Dell shares dropped 17% yesterday to $12.50 after poor results and a weak outlook for the remainder of 2012 spooked investors. The company blamed weak corporate IT spending and a shift by consumers from traditional laptops to tablets and other devices.

The company reported a fiscal first quarter 2012 profit of $635 million, or 36 cents a share, compared with a profit of $945 million or 49 cents a share in q1 2011. Adjusted earnings were 43 cents a share, compared with expectations of 46 cents. Revenue was $14.4 billion, down from $15 billion and below expectations of $14.9 billion..

After the close last night, Hewlett Packard reported  better than expected quarter one 2012 revenues of $30.7 billion, down from $31.6 billion in q1 2011. Adjusted earnings were $1.6 billion or 98 cents a share. Analysts were expecting  earnings of 90-91 cents a share, on revenue of $29.9 billion.

HP’s second quarter estimates also beat expectations with earnings per share of 98 cents on revenues of $30.7 billion, beating estimates of 91 cents a share on $29.9bn in revenues. But third quarter estimates of 94-97 cents a share were below expectations of $1.02.

Revenues declined 10 per cent year-on-year in HP’s imaging and printing group and fell by 6 per cent for its enterprise servers, storage and networking products division and were flat in its PC and services division.

The Autonomy division interestingly missed targets and lead to the swift departure of founder Mike Lynch. The company was bought by HP for $10.3 billion in 2011.  Analysts have feared that HP had always overpaid for the British company and poor licensing revenues for its software products meant that Lynch has had to pay the price and be replaced by head of software Bill Veghte.

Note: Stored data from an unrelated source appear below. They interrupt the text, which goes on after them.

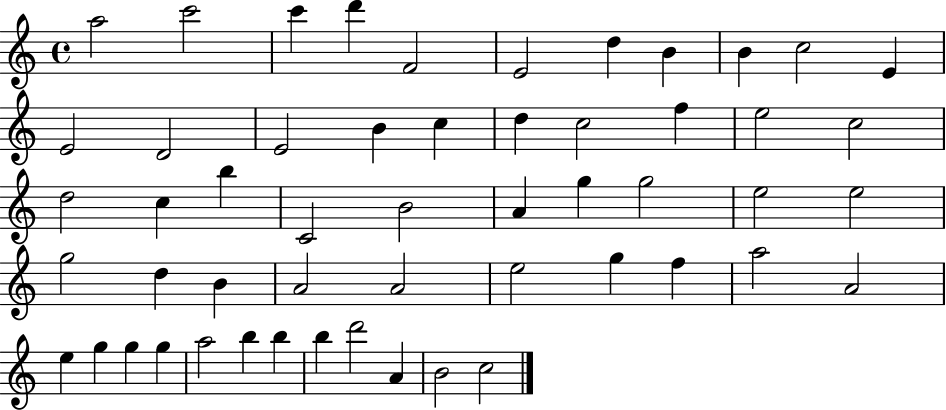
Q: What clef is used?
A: treble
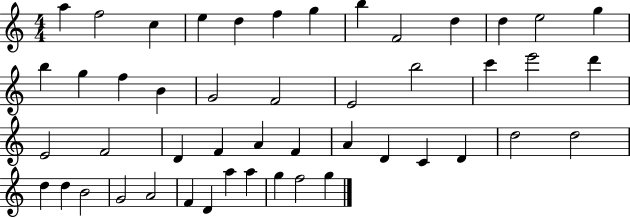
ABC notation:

X:1
T:Untitled
M:4/4
L:1/4
K:C
a f2 c e d f g b F2 d d e2 g b g f B G2 F2 E2 b2 c' e'2 d' E2 F2 D F A F A D C D d2 d2 d d B2 G2 A2 F D a a g f2 g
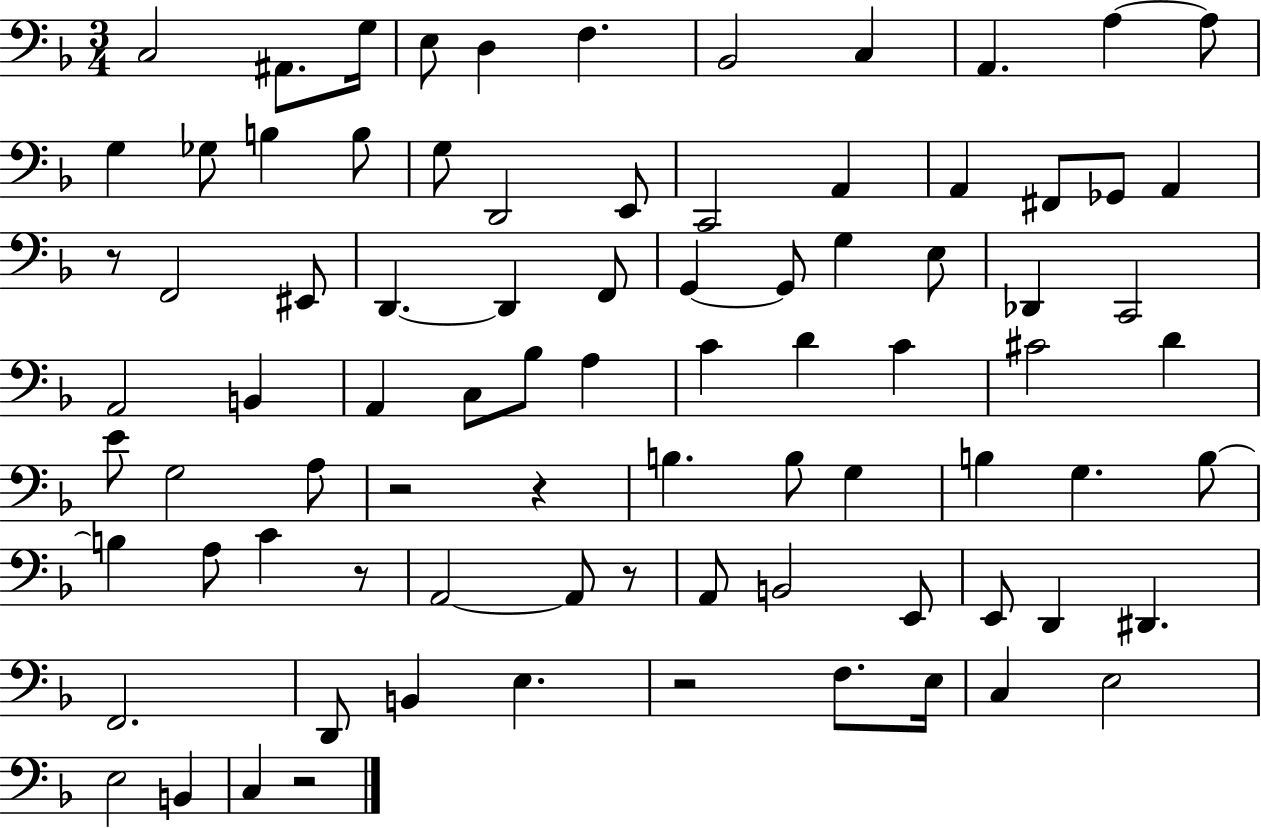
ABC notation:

X:1
T:Untitled
M:3/4
L:1/4
K:F
C,2 ^A,,/2 G,/4 E,/2 D, F, _B,,2 C, A,, A, A,/2 G, _G,/2 B, B,/2 G,/2 D,,2 E,,/2 C,,2 A,, A,, ^F,,/2 _G,,/2 A,, z/2 F,,2 ^E,,/2 D,, D,, F,,/2 G,, G,,/2 G, E,/2 _D,, C,,2 A,,2 B,, A,, C,/2 _B,/2 A, C D C ^C2 D E/2 G,2 A,/2 z2 z B, B,/2 G, B, G, B,/2 B, A,/2 C z/2 A,,2 A,,/2 z/2 A,,/2 B,,2 E,,/2 E,,/2 D,, ^D,, F,,2 D,,/2 B,, E, z2 F,/2 E,/4 C, E,2 E,2 B,, C, z2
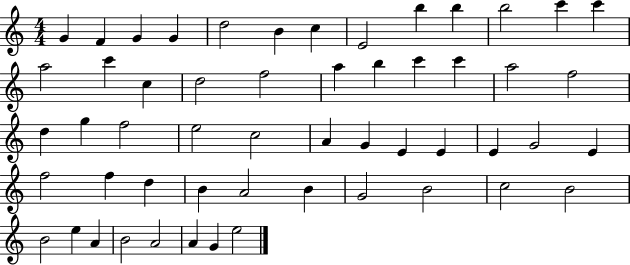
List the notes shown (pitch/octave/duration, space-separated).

G4/q F4/q G4/q G4/q D5/h B4/q C5/q E4/h B5/q B5/q B5/h C6/q C6/q A5/h C6/q C5/q D5/h F5/h A5/q B5/q C6/q C6/q A5/h F5/h D5/q G5/q F5/h E5/h C5/h A4/q G4/q E4/q E4/q E4/q G4/h E4/q F5/h F5/q D5/q B4/q A4/h B4/q G4/h B4/h C5/h B4/h B4/h E5/q A4/q B4/h A4/h A4/q G4/q E5/h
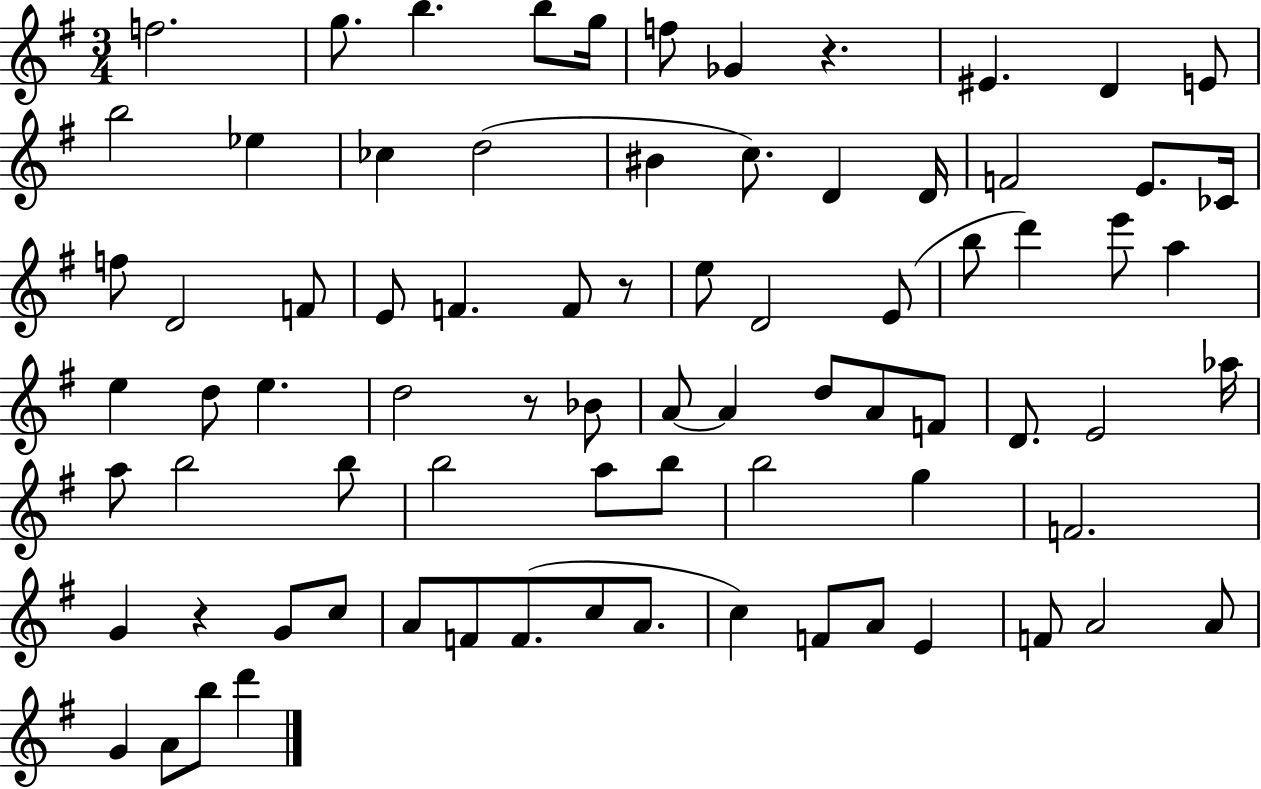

HP also announced it would cut 8% of its work force, or 27,000 people by the end of 2014 saving $3.5 billion a year and increasing earnings per share in 2012 from $4 to up to $4.10. The cost of the cut backs will be $1.7 billion in 2012 and $1.8 billion in 2013/14.

After falling over 3% in the regular session due to Dell’s poor results, HP bounced 9% in after hours trading to close at $23 on the earnings beat and job cuts. CEO Meg Whitman is seen as taking serious action to address HP’s underlying problems in an attempt to stem the falling sales and return the company to growth.

Though consumers and corporate IT departments are still buying “big box” PC’s, tablets and mobile devices are increasingly being used as both mobile and cloud computing continue to gain traction. Music is a great example of the changing world. In days of old, you had to have hundreds of CDs, then you had hundreds of music files on your PC, now you can use products such as Apple Itunes Match or Google Drive to store them on the Cloud meaning you can access them anywhere. The next step will be fully integrated TV devices and that is why Apple’s television product is hugely anticipated in late 2012 or 2013. Will they crack the issue of TV, internet browsing and picture/video viewing in one solution?